Spirit Mediumship and Mental Health: Therapeutic Self-transformation Among Dang-kis in Singapore.
Boon-ooi Lee, Laurence J Kirmayer
Culture, medicine and psychiatry June 1, 2023 Peer reviewed DOI: 10.1007/s11013-021-09765-y via PubMed
Summary
Spirit mediums in Singapore who practice dang-ki healing generally do not suffer from clinically significant emotional distress. Interviews with eight mediums from five temples and standardized psychological questionnaires indicate that involvement in mediumship may have therapeutic effects. The embodied experience of self, changes in social identity, and bodily experiences during possession rituals contribute to a reconstructed sense of self that promotes wellness and social efficacy.
Study at a glance
| Design | qualitative study |
|---|---|
| Sample size | 8 |
| Population | dang-ki spirit mediums from five temples in Singapore |
| Key finding | Participation in dang-ki healing may have therapeutic effects for mediums, involving changes in social identity, bodily experiences, and sense of self through possession rituals. |
Abstract
While some early studies suggested that spirit mediums were psychiatrically ill individuals who found a culturally sanctioned role, subsequent work has found that they are generally in good physical and mental health.
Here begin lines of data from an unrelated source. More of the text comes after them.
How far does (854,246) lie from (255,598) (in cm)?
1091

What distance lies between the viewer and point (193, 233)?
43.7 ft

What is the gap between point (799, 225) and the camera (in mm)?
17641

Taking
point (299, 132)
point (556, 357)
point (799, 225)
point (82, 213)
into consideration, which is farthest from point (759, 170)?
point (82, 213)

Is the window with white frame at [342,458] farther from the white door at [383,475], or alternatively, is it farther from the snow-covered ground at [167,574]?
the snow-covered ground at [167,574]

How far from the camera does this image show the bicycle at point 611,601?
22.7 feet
While the calling to be a healer often involves an initiatory illness, practitioners go on to play demanding social roles, suggesting that involvement in mediumship may be therapeutic for the practitioner. This study focuses on dang-ki healing, a form of Chinese spirit mediumship practiced in Singapore to explore whether participation in dang-ki healing is therapeutic for the mediums. We interviewed eight dang-kis from five temples about their life trajectories and assessed their mental health status with standardized psychological questionnaires. Most of the dang-kis did not appear to suffer from clinically significant emotional distress. Their narratives suggest that involvement in dang-ki mediumship may have therapeutic effects in which the embodied experience of self plays a central role. The dang-kis experienced changes in social identity, bodily experiences during spirit possession, and their overall sense of self through recurrent possession rituals. In general, the practice of spirit mediumship illustrates how the experiences and meanings of the self are constructed and reconstructed through body-world relations in ways that may confer a sense of wellness and social efficacy.